It may not have been obvious from the Dustins I’ve showcased here but the gimmick of Dustin is that Dustin is a 23-year-old college graduate who has moved back in with his parents and is having Failure To Launch problems. As a Gen-Xer, I am a neutral party in the raging war between Baby Boomers and Millennials, and I hereby declare that Dustin is really shitty in its treatment of young people! Like surely there is humor to be mined from this conflict of worldviews but instead we get things like today, “Ha ha, youths can’t hold down a job because they just spontaneously fall asleep all the time!

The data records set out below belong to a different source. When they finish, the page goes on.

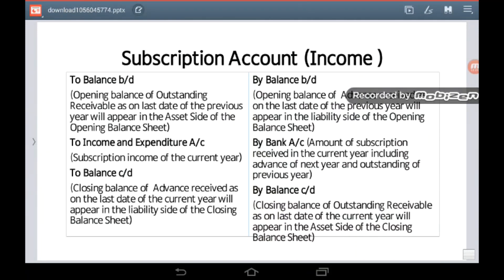Let me explain the structure of the subscription account. On the debit side you will have 'To Balance B/D', which represents the opening balance of outstanding receivable as on the last date of the previous year — this will appear on the asset side of the opening balance sheet. On the credit side you will have 'By Balance B/D', which means the advance received in the last year for the current year, appearing on the liability side of the opening balance sheet.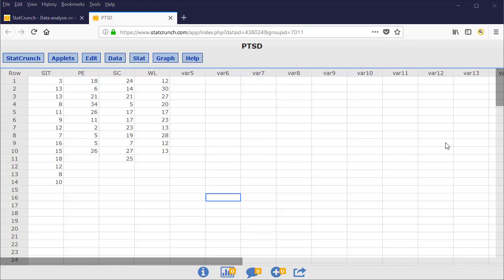In this video, we consider how to compute the GRAND mean. The GRAND mean is the mean of all the observations combined. In this dataset, we have recorded the anxiety levels of four different treatment groups being treated for PTSD.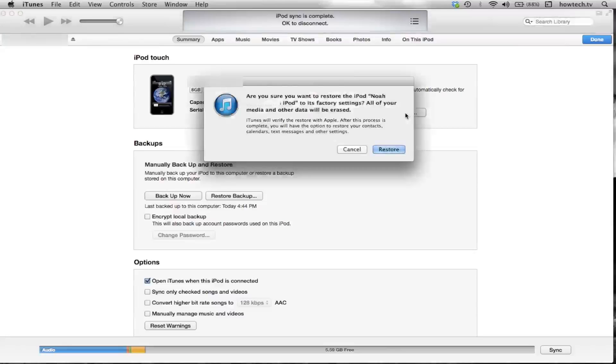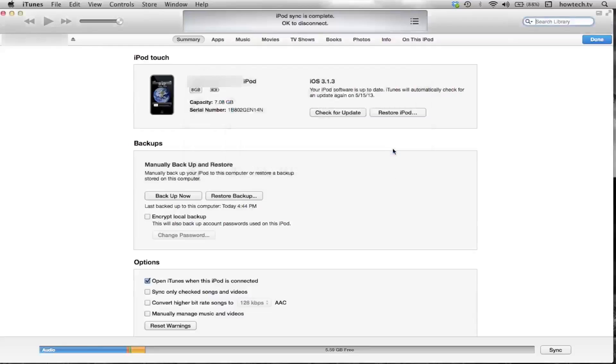Lastly, click Restore. A pop-up screen will then appear, asking you to confirm your request to reset the iPod Touch to factory settings. Click Restore and it will automatically start replacing the content.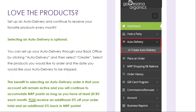Plus, you'll receive an additional 5% off your order total and an additional 5% back in MRP points. You can set your auto delivery up through your back office by clicking Auto Delivery and then selecting Create. Choose the products you would like to order and the date you would like your auto delivery to be shipped.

Meanwhile, the ADULTS who MADE THIS COUNTRY WHAT IT IS TODAY are going to enjoy some LEGITIMATE HIGHBROW CULTURE.”

Gil Thorp, 1/8/19

I appreciate it when bit players in the comics really give it their all in the one or two panels they appear. It’s subtle, but I’m particularly enjoying the “ain’t I a stinker?” realness being served up by the employee of [squints] S-Kybomi Outdoor Media Solutions here. This may be the Best Performance By A Working-Class Guest Character In A Continuity Comic since 2014’s iconic “Man In Hat Who Doesn’t Care About Doc Ock’s Runaway Tentacles Enjoys Sandwich.”

Six Chix, 1/8/19

As we all know, you can take an expensive vacation to Paris, go to the Louvre, get lost in the Louvre, get annoyed by the Louvre, realize that you could do a comic about your experience at the Louvre, get paid to do that comic, and then write the entire cost of your trip off on your taxes. But can you write the cost of a trip to Paris off on your taxes if you just make fun a comic doing that? We’ll see what my accountant says! Fingers crossed!